In the spring of her twentieth year she made a trip to England. She was always in frail health and the sea air was believed to have healing value. The legacy of the poet’s trip to London was a volume of her verse. This was the first book by a black woman ever published. Its title was Poems on Various Subjects, Religious and Moral. This volume appeared more than a century and a half after the Pilgrims landed at Plymouth. It was among the first volumes of verse by a colonist to ever be published. For Phillis Wheatley, a woman and a slave, barely twenty, it was indeed an extraordinary accomplishment.
William H. Robinson in his book Phillis Wheatley in the Black American Beginnings states:
When properly read, in the context of her times, the available data—poems, letters, a memoir, accounts of the times—go far toward documenting the engaging story of how she encountered and dealt with various obstacles to her finding and asserting her Black and poetic worth. There is indeed evidence enough to sustain the belief that Phillis Wheatley did survive those raw Black American beginnings to endure as Christian, as woman, and as Black American poet. Phillis Wheatley not only belongs squarely in the Black American literary tradition; she, almost single handedly, succeeded in creating that tradition. (5)

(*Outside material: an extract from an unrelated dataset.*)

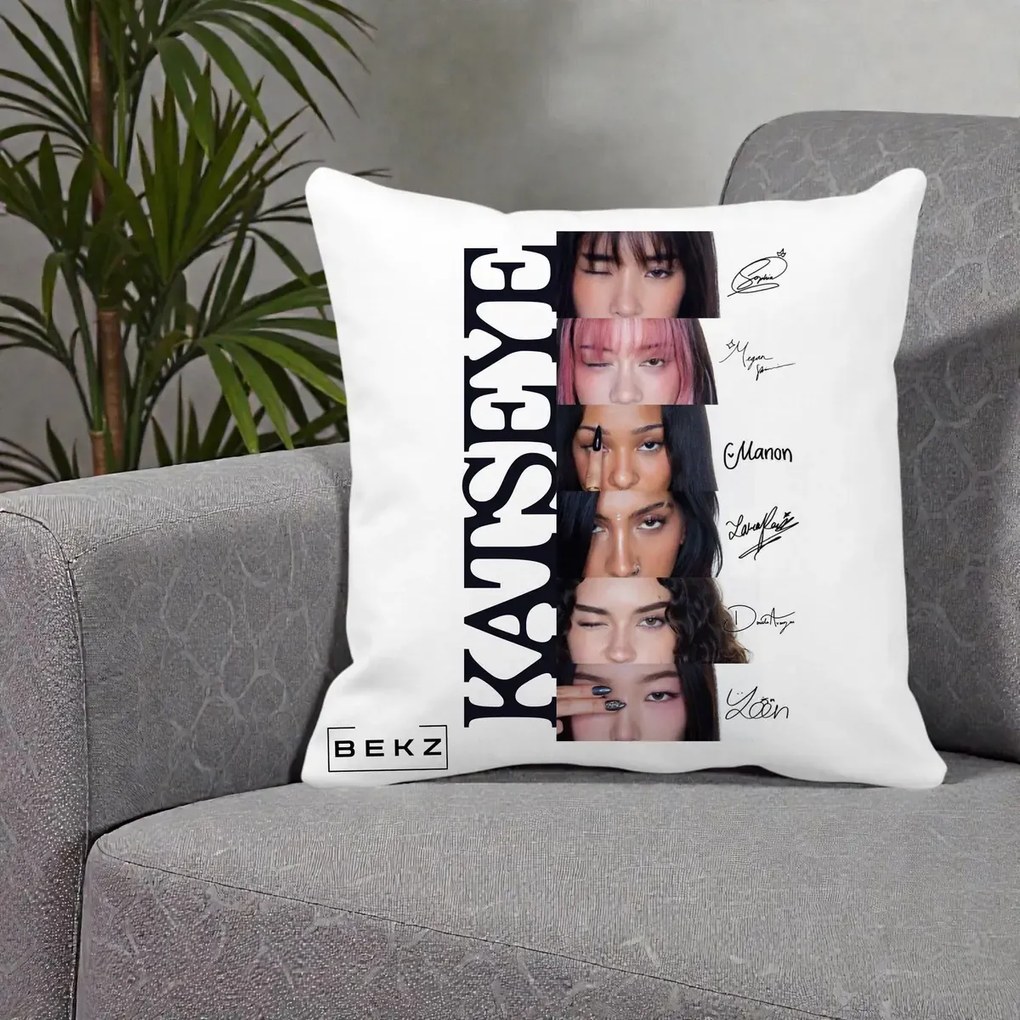 Perna Personalizata K-pop KATSEYE Semnaturi Membre Foto, 40x40 cm, Alba Mata, Husa Detasabila, Perna Inclusa, BEKZ®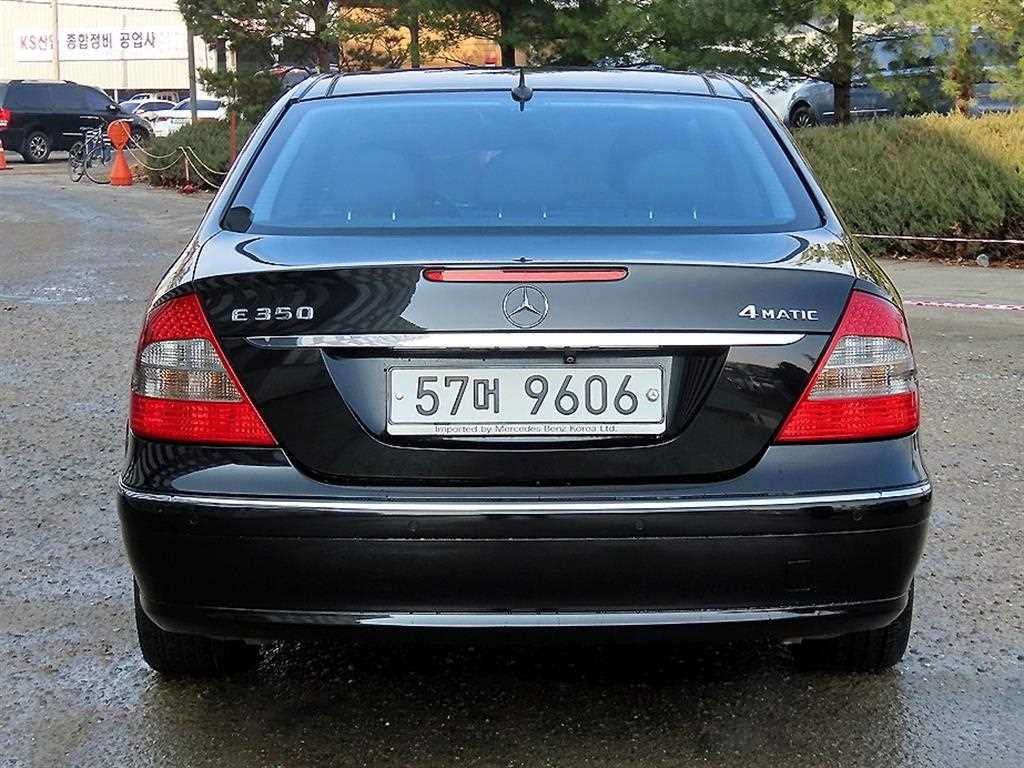 Mercedes Benz E class - Vista 4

When she returned to America, she found that her mistress, Mrs. Wheatley, had died on March 3, 1773. On March 12, 1778, her master, John Wheatley died, and then in September, Mary Wheatley died. Phillis was free, but she was no longer sheltered and she had to fend for herself in a time of revolutionary fervor. She struggled as a poet and seamstress to make a living. It is recorded that on April 1, 1778 Phillis Wheatley and John Peters, both free negroes, married. Little is known of her husband or her life after her marriage, although she did as Mrs. John Peters still write and publish poems. She lived in dire poverty and was separated from her husband for some time. A relative of Mrs. Wheatley discovered that Phillis was ill and found her.
She was also visited by several other members of that family. They found her in a situation of extreme misery. Two of her children were dead, and the third was sick unto death. She was herself suffering for want of attention, for many comforts, and that greatest of all comforts in sickness—cleanliness. She was reduced to a condition too loathsome to describe. In a filthy apartment, in an obscure part of the metropolis, lay dying the mother, and the wasting child. The woman who had stood honored and respected in the presence of the wise and good of that country which was hers by adoption, or rather compulsion, who had graced the ancient hall of Old England, and rolled about in the splendid equippages of the proud nobles of Britain, was numbering the last hours of life in a state of abject misery, surrounded by all the emblems of poverty! . . . (6)
At the age of thirty-one, on December 5, 1784, Phillis Wheatley Peters died in Boston. Many newspapers published her obituary. To this day no one knows exactly where Phillis and her children are buried.